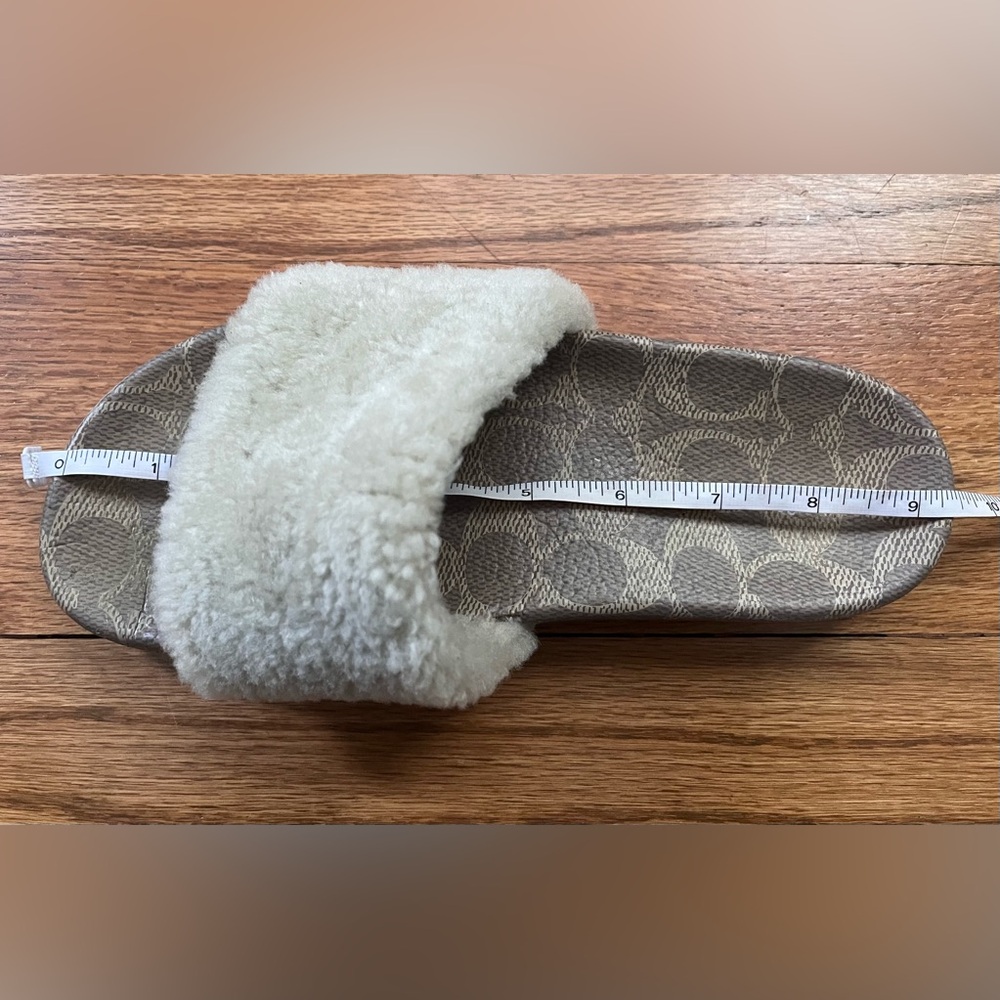 COACH Brown Tan Fur Slides Sandals - Picture 6 of 6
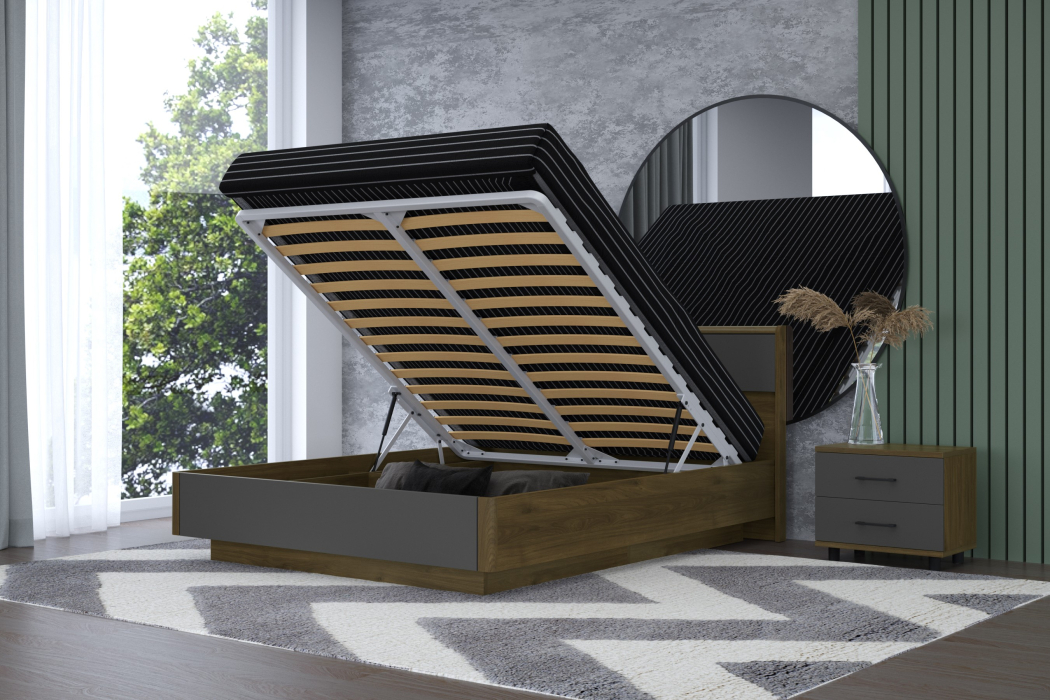 Кровати 180х200, Модульная система Грейс Кровать КР-4004  Гикори Джексон Темный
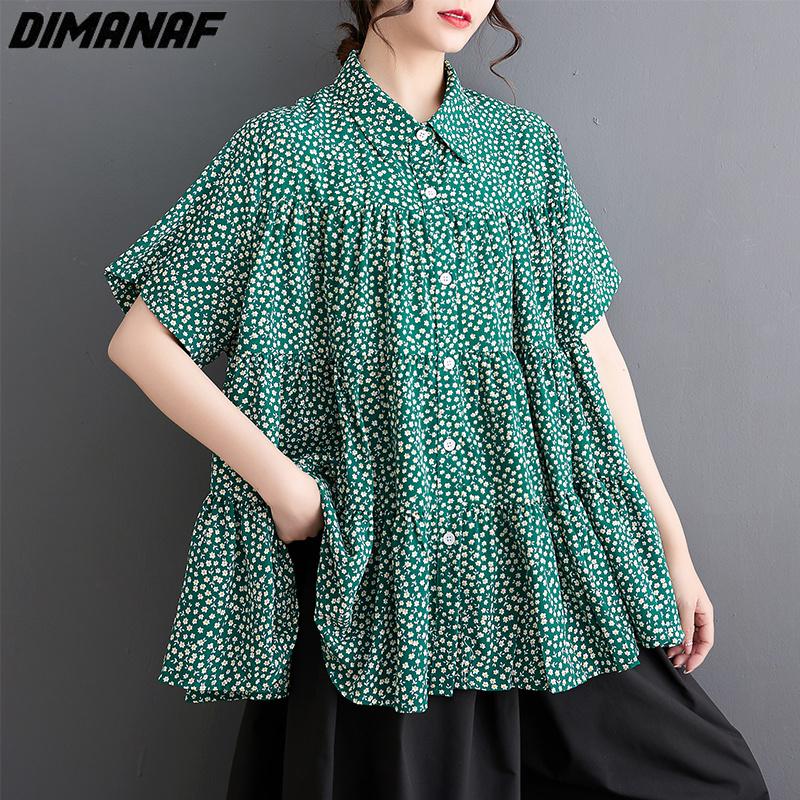 

DIMANAF 2023 Plus Size Летний стиль Блузка Повседневная Рубашка Горошек Женщины Короткая Рукав Летучая мышь Свободная Рубашка Белый Оверсайз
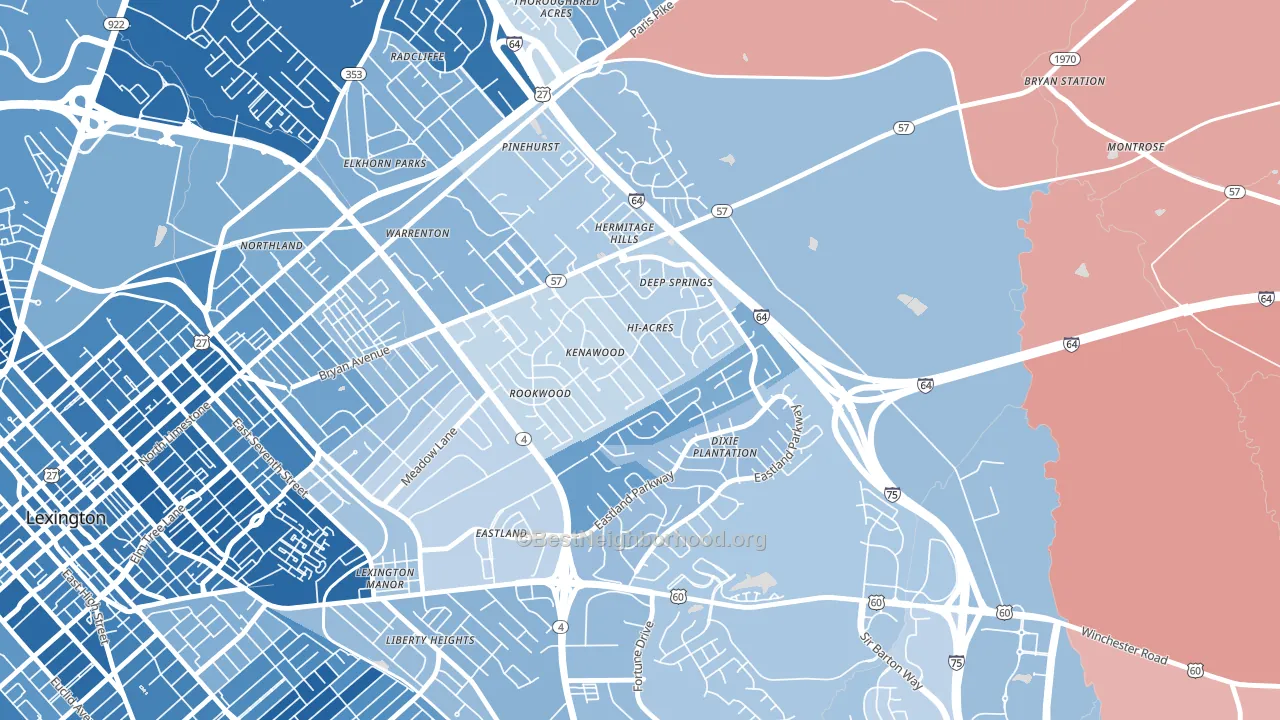 Kenawood-Rockwood, Lexington, KY block-group political-lean map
========
:: Assignment ::
Return the listing above word for word, with the pictures removed.

:: Worked solution ::
 COACH Brown Tan Fur Slides Sandals - Picture 6 of 6
 Кровати 180х200, Модульная система Грейс Кровать КР-4004  Гикори Джексон Темный

DIMANAF 2023 Plus Size Летний стиль Блузка Повседневная Рубашка Горошек Женщины Короткая Рукав Летучая мышь Свободная Рубашка Белый Оверсайз
 Kenawood-Rockwood, Lexington, KY block-group political-lean map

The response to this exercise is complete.